Он совсем по-другому, чем большинство его коллег, рассматривал проблему материи и духа, неразрывно соединяя их в регулярном взаимодействии в пространстве космической эволюции. Свои философские взгляды он противопоставил плоскому и механистическому материализму, который был основой научного мировоззрения. Он был одним из первых ученых, который расширил понятие материи, узрев в ее глубинах нечто такое, что составляло ее основу, но еще не было объяснено. Это «нечто» было материальным, хотя и отличалось по своим качествам от плотной материи. Весь Космос предстал перед ним материей, но материей различных качеств и состояний. «Теперь я думаю, – писал он в 1903 году, – что материю так же можно принять за дух, как и дух за материю.

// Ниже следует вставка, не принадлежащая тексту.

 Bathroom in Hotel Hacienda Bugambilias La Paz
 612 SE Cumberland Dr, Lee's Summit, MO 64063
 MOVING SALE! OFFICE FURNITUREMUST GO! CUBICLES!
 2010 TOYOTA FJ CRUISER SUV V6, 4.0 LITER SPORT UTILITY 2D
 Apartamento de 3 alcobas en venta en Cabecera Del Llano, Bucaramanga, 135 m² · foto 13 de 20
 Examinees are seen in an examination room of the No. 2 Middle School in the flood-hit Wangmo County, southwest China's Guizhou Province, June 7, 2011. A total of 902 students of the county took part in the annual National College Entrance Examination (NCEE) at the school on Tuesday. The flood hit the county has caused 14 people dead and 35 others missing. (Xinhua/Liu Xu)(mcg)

Наука указывает именно на духовность материи»[15, c. 38].
Его материализм был глубже и богаче, нежели тот, который лежал в основе научного мировоззрения. «Вообще материализм остановился на половине дороги, в беспомощном и жалком состоянии, – отмечал он, – так как не дошел до отрадных выводов о вечной и безначальной жизни всего сущего, всякой частицы живой или мертвой материи»[15, c. 43]. Он интуитивно ощущал кризис научного мировоззрения, возникший на границе его перехода в новое мышление, основой которого становилась новая картина одухотворенного Космоса. Ибо дух являлся не только его материей, но и энергией.
Он представлял себе бесконечный и вечный океан материи, созидающий космические тела, заполняющий межзвездное пространство и творящий в себе то, что в результате становится духом, разумом, пространственной мыслью, мыслящей материей. Он как бы воочию видел процессы, идущие в этом океане, ток атомов из одного вида материи в другой.

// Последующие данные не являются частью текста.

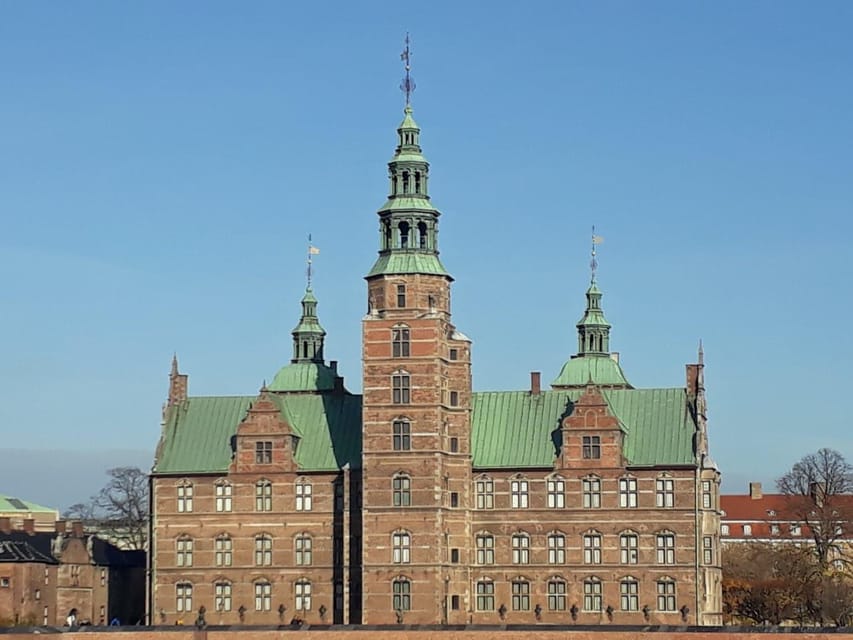 Copenhagen: 2,5-Hour 'Must See' Bike Tour with a Local Guide - Christiansborg Palace and Denmark’s royal story
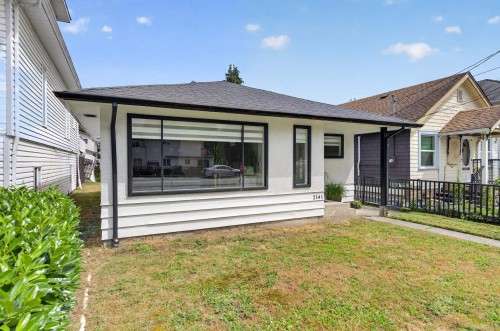 2141 Fraser Avenue, Port Coquitlam, BC 
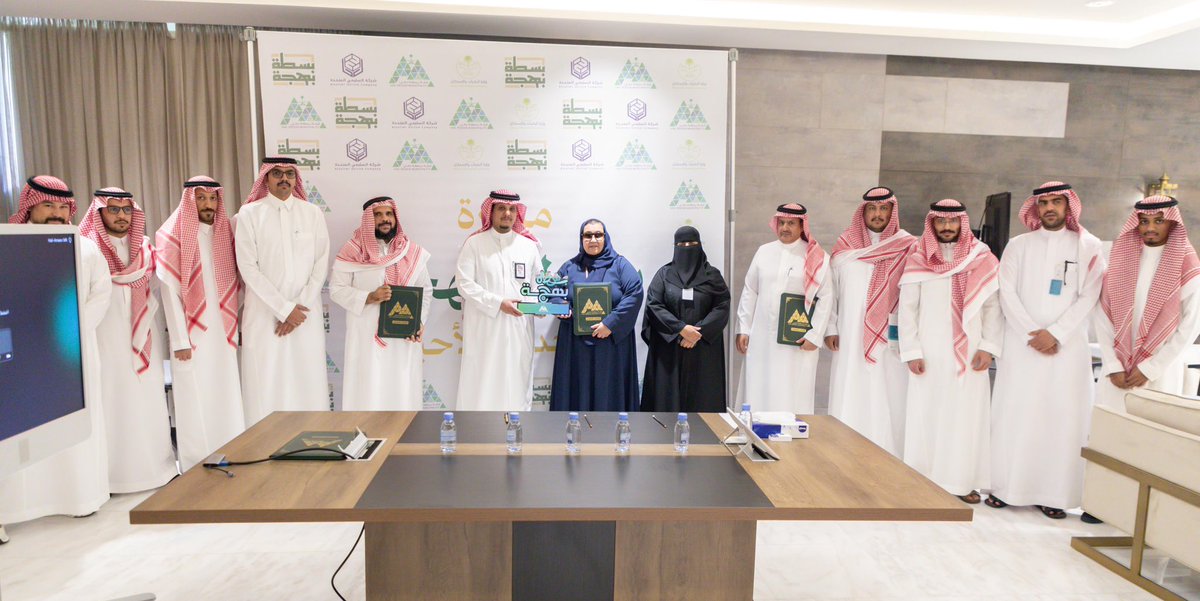 Amanat_Hail's tweet photo. 🤝  ا اتفاقية وتعاون  

« لتمكين الأفراد من استثمار مهاراتهم وتقديم منتجاتهم »

سعادة أمين منطقة حائل المهندس سلطان بن حامد الزايدي يرعى توقيع اتفاقية مع شركة السليمي لرعاية مبادرة بسطة بهجة بحضور صاحبة السمو الملكي الأميرة نجود بنت هذلول بن عبدالعزيز آل سعود المشرف العام على تطوير وتمكين الباعة الجائلين بالوزارة، وتهدف إلى تمكين ومساعدة المستفيدين من خلال توفير فرص اقتصادية في الأحياء السكنية لدعم اقتصاد الأفراد.

📸 | #حائل_الأجمل
  #أمانة_منطقة_حائل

И опять, читая описания невидимых нам грандиозных космических процессов, ловишь себя на мысли, что автор этого описания как бы присутствует при этом, являясь живым свидетелем того, что от нас сокрыто и внешне, и внутренне. И если представить себе, что, как считает Циолковский, материя есть энергия и сила, то данные космические процессы обретают грандиозный эволюционный смысл, сквозь который светятся Великие законы, управляющие этим космическим по своим масштабам кругооборотом и движением.

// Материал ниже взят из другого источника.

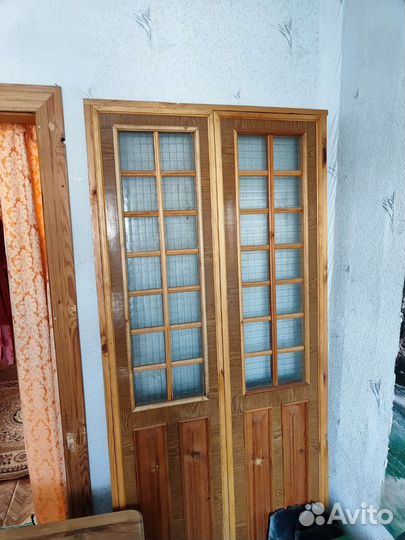Дверь двухстворчатая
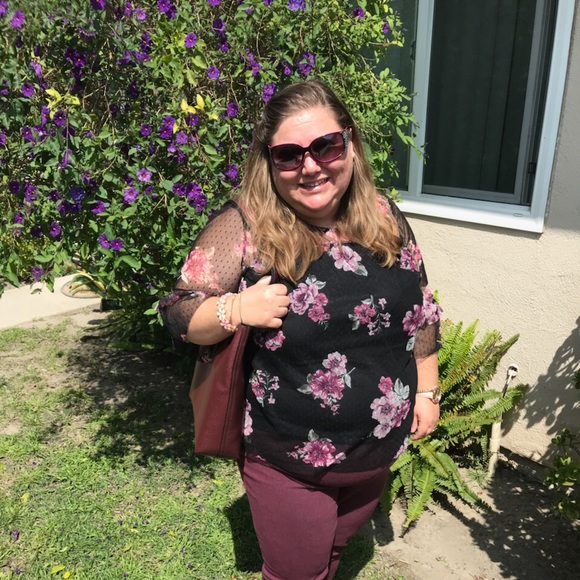 Meet your Posher, Amanda - Picture 4 of 5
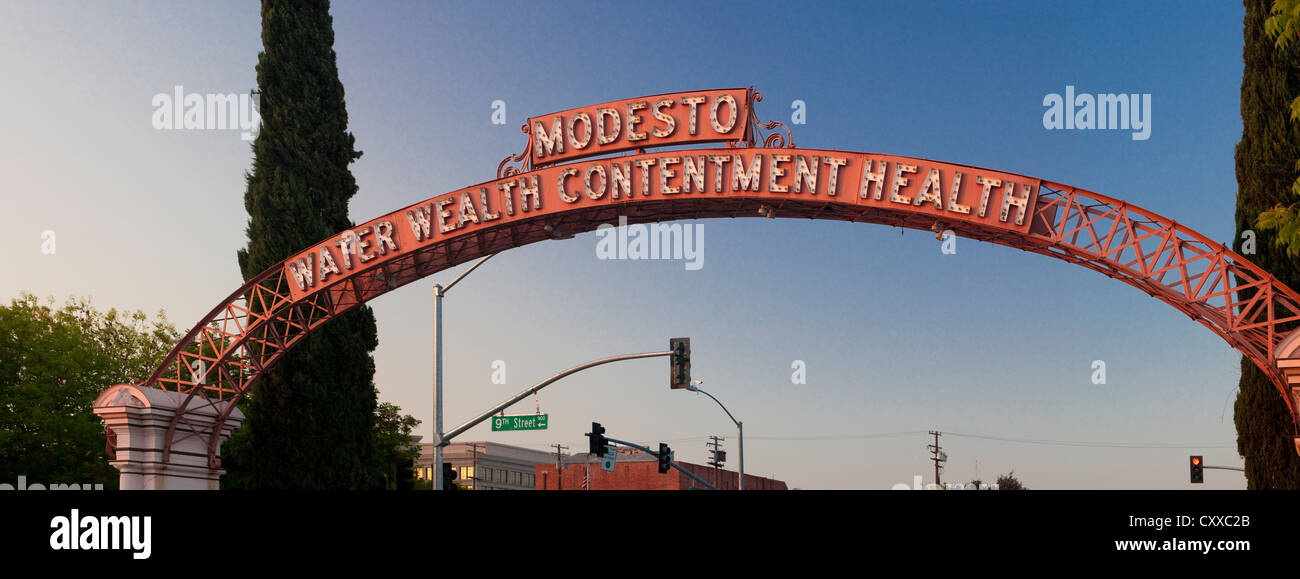 Il modesto Arch (acqua ricchezza contentezza Salute), modesto, California. Foto Stock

Он усиленно работал над новой картиной Космоса, собирая воедино все, что нес ему сам Космос, что звучало где-то в глубинах его внутреннего мира, приходило к нему озарениями, вспыхивающими в нем самом. И вместе с тем он понимал, что качество приема этих знаний зависит от уровня сознания принимающего. «Если бы даже голос высших существ из других миров сообщил нам знания, – писал он, – то и тогда бы мы их приняли или не приняли, согласно нашему разумению. <…> Итак, источником знаний служат наши чувства и ум. Только голос вселенной мы воспринимаем иногда непосредственно, а иногда через посредство других существ, большею частью уже ушедших из нашего мира, но оставивших нам в том или другом виде свои труды…»[15, c. 46]. Он также знал, что те, кто дарил ему знания, стоят на разных ступенях космической эволюции, но все они являлись его учителями и были выше и совершеннее его. И только Один из них был всего ближе к нему. Он верил в Него, и это служило ему опорой. Вера так или иначе входила в пространство его космического познания. «Трудно обойтись без веры. Человек без веры, хотя и во всеоружии знания, во многих случаях жизни не знает, что ему делать. <…> Для меня, например, общим руководством в жизни служит философия Галилейского учителя в чистом виде, освобожденная от легенд и суеверных толкований»[цит. по: 16, c. 47].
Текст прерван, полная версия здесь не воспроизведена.